What to produce
Repeat the data word for word, excluding every picture.

Excerpted data
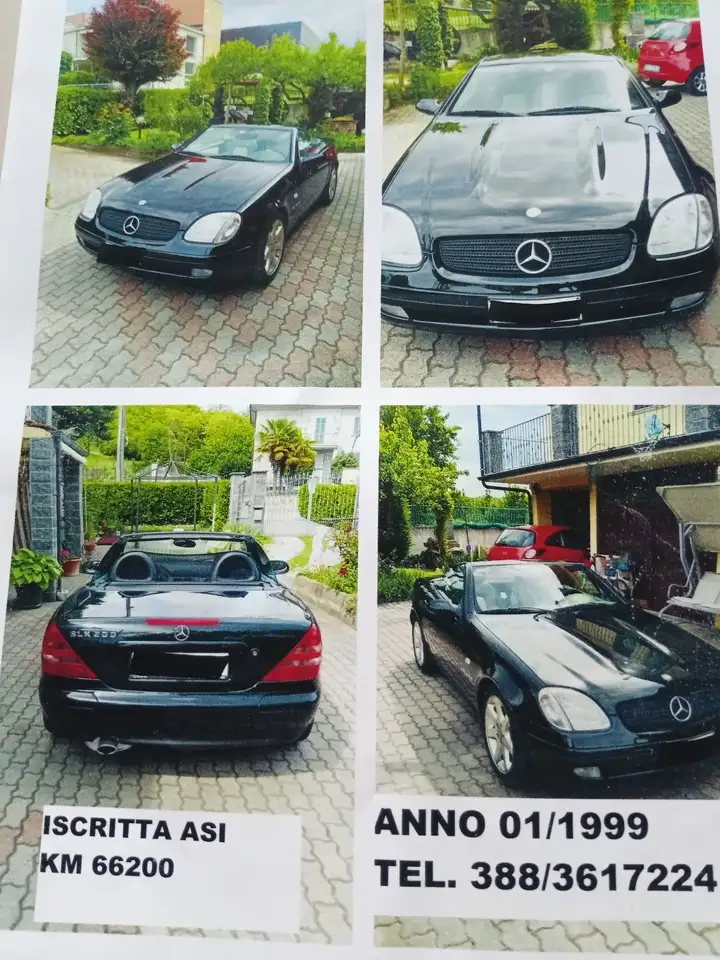 Mercedes-Benz SLK 200 k, foto 1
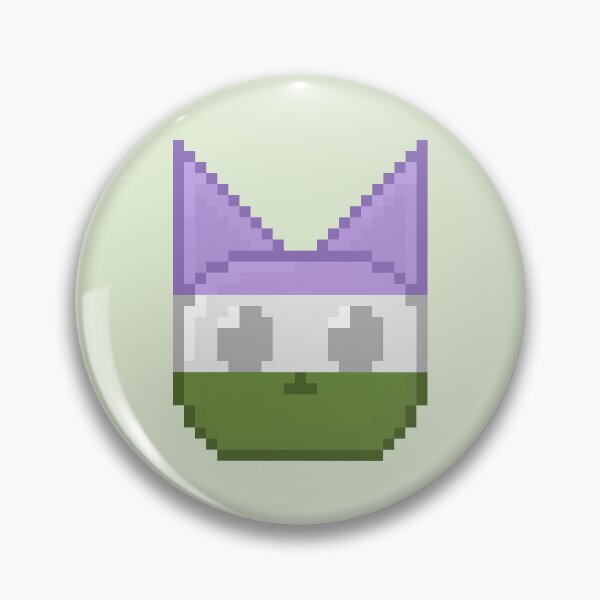 Item preview, Genderqueer Pixel Pride Cat designed and sold by Lilac-Cat.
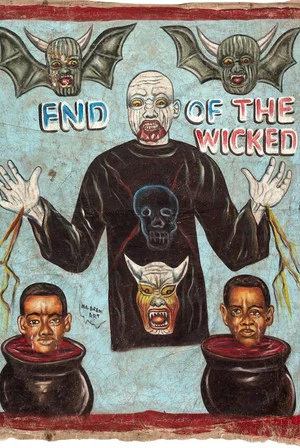 Постер: End of the Wicked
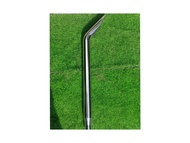 ท่อรถไถฟอร์ด 5000 ปากฉลามขนาด 2 นิ้วออก 2.5 นิ้วคอสวมบล็อกเดิมตรงรุ่น ความยาว100cm.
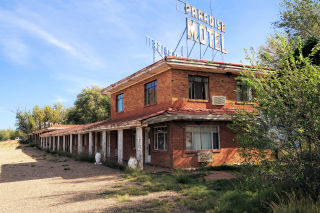 Paradise Motel Tucumcari New Mexico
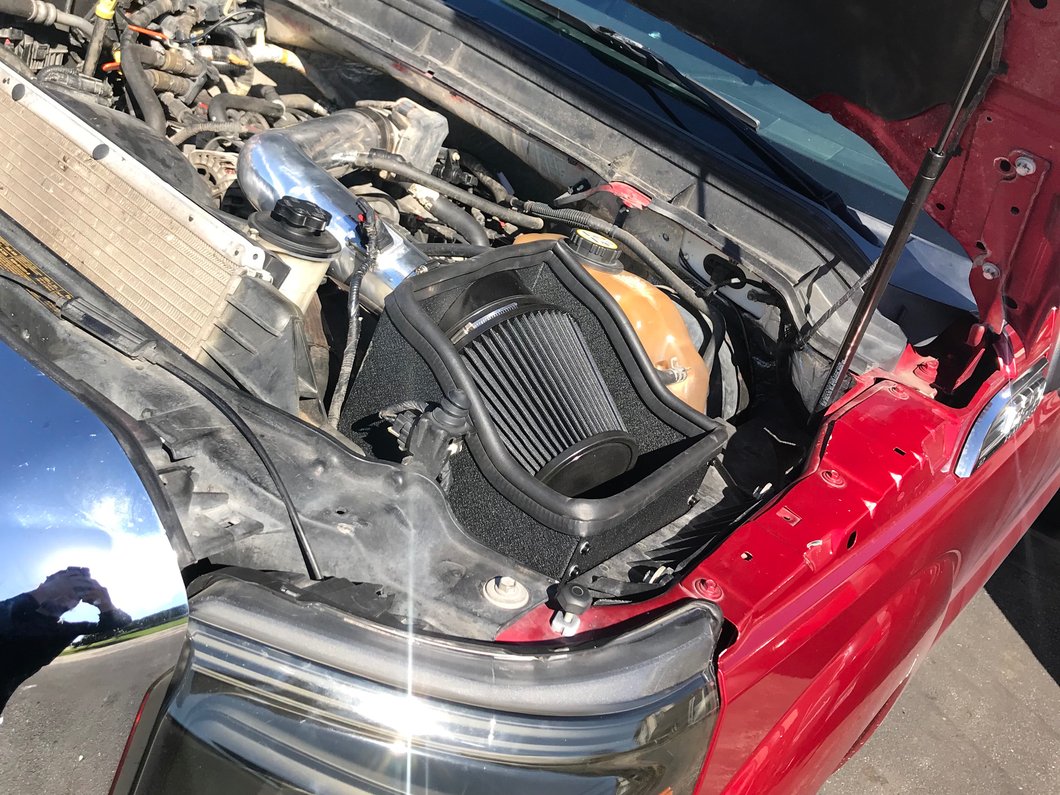 RedRock Cold Air Intake (11-14 6.2L F-250 Super Duty)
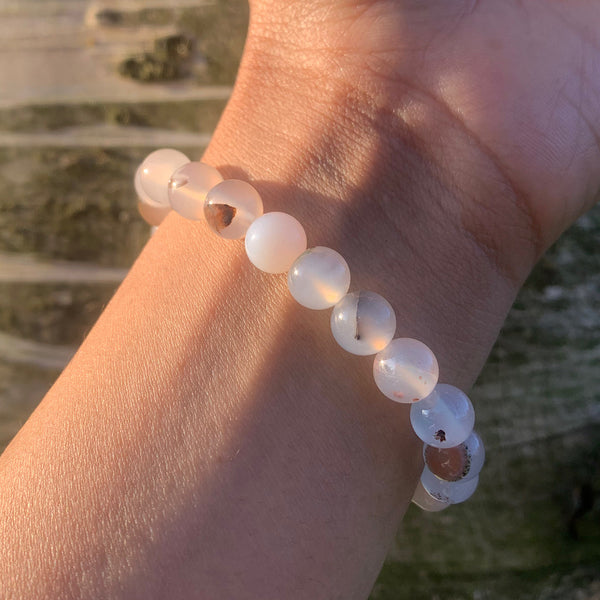 Montana Moss Agate Crystal Bracelet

Answer for the task
 Mercedes-Benz SLK 200 k, foto 1
 Item preview, Genderqueer Pixel Pride Cat designed and sold by Lilac-Cat.
 Постер: End of the Wicked
 ท่อรถไถฟอร์ด 5000 ปากฉลามขนาด 2 นิ้วออก 2.5 นิ้วคอสวมบล็อกเดิมตรงรุ่น ความยาว100cm.
 Paradise Motel Tucumcari New Mexico
 RedRock Cold Air Intake (11-14 6.2L F-250 Super Duty)
 Montana Moss Agate Crystal Bracelet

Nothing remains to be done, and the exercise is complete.